▶ [TASK PROMPT]: Write out the entries exactly, pictures excluded.

▶ [INPUT DATA]:
________________
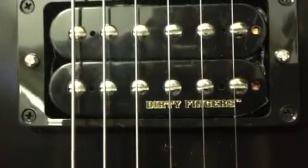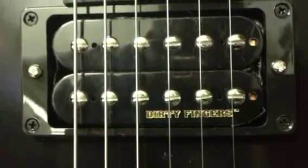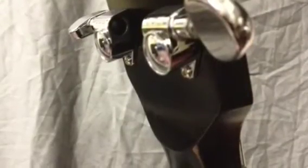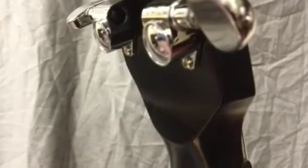It's got the Dirty Fingers pickups in it — they're real hot, got some attitude to them. It's got Chrome Grover tuners, all-chrome hardware. It even has the old-school volute on the back of the headstock.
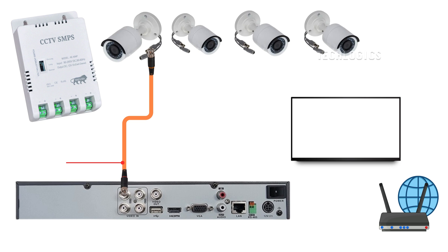To begin, we'll connect each of the cameras to the DVR, with power taken from the camera SMPS. In this demonstration, we will be using 3+1 CCTV cables with BNC connectors. Connect one end of the cable to the camera and the other end to the corresponding video input on the DVR.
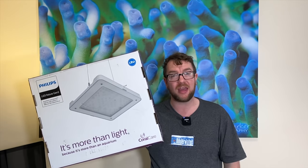Hey y'all, welcome to Parker's Reefs. On today's episode, I want to do a quick step into the brand new Philips Coral Care Gen 2.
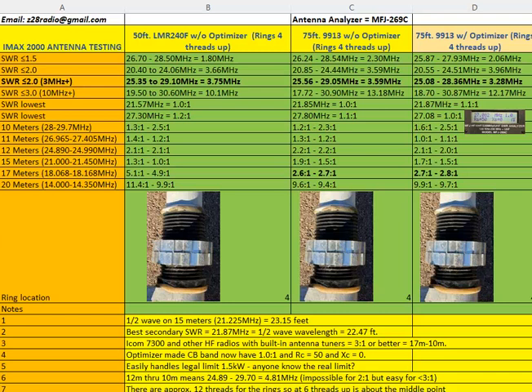On 17 meters I'm seeing 2.7 to 2.8 SWR — run the antenna tuner on the radio and it irons it out no problem. Another great finding: it works on 15 meters without an antenna tuner. It's a half-wave on 15 meters, and if you do the calculation it makes sense why it would have very good SWR. Regardless of which coax I used, I was sub 2 to 1 on 15 meters.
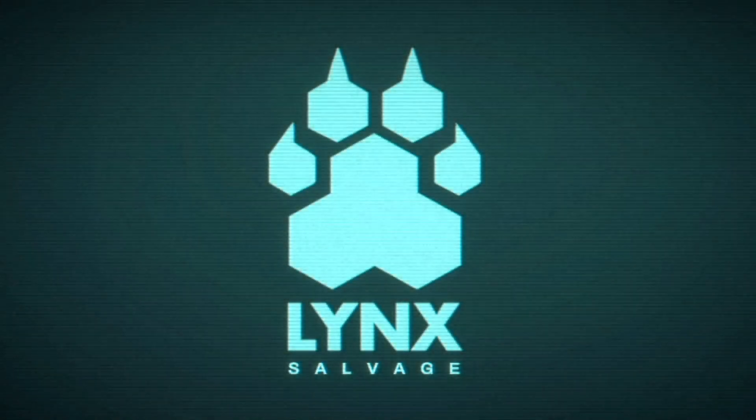Welcome to Lynx Salvage. This video demonstrates the process for removing central fuel tanks from Javelin class cargo ships. Careful removal maximizes salvage and minimizes the risk of injury.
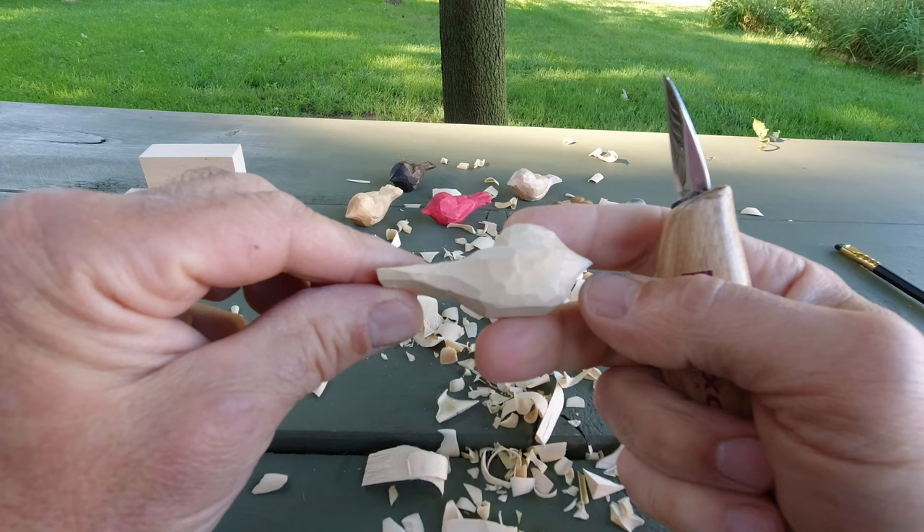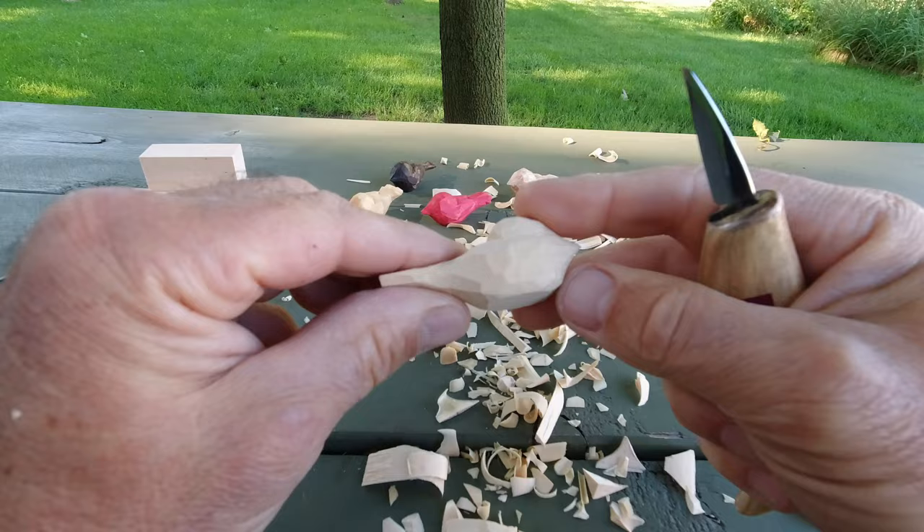We've shortened up our head and now we're going to round all those edges again, keeping her nice and smooth. The head is a little narrower now. I'd like to increase the swoop on that beak so it doesn't look like it's part of the head. We just took that out with a couple little swoops with the knife. Now we've got our head shaped.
________________
▶ [REPLY]:
It's got the Dirty Fingers pickups in it — they're real hot, got some attitude to them. It's got Chrome Grover tuners, all-chrome hardware. It even has the old-school volute on the back of the headstock.
To begin, we'll connect each of the cameras to the DVR, with power taken from the camera SMPS. In this demonstration, we will be using 3+1 CCTV cables with BNC connectors. Connect one end of the cable to the camera and the other end to the corresponding video input on the DVR.
Hey y'all, welcome to Parker's Reefs. On today's episode, I want to do a quick step into the brand new Philips Coral Care Gen 2.
On 17 meters I'm seeing 2.7 to 2.8 SWR — run the antenna tuner on the radio and it irons it out no problem. Another great finding: it works on 15 meters without an antenna tuner. It's a half-wave on 15 meters, and if you do the calculation it makes sense why it would have very good SWR. Regardless of which coax I used, I was sub 2 to 1 on 15 meters.
Welcome to Lynx Salvage. This video demonstrates the process for removing central fuel tanks from Javelin class cargo ships. Careful removal maximizes salvage and minimizes the risk of injury.
We've shortened up our head and now we're going to round all those edges again, keeping her nice and smooth. The head is a little narrower now. I'd like to increase the swoop on that beak so it doesn't look like it's part of the head. We just took that out with a couple little swoops with the knife. Now we've got our head shaped.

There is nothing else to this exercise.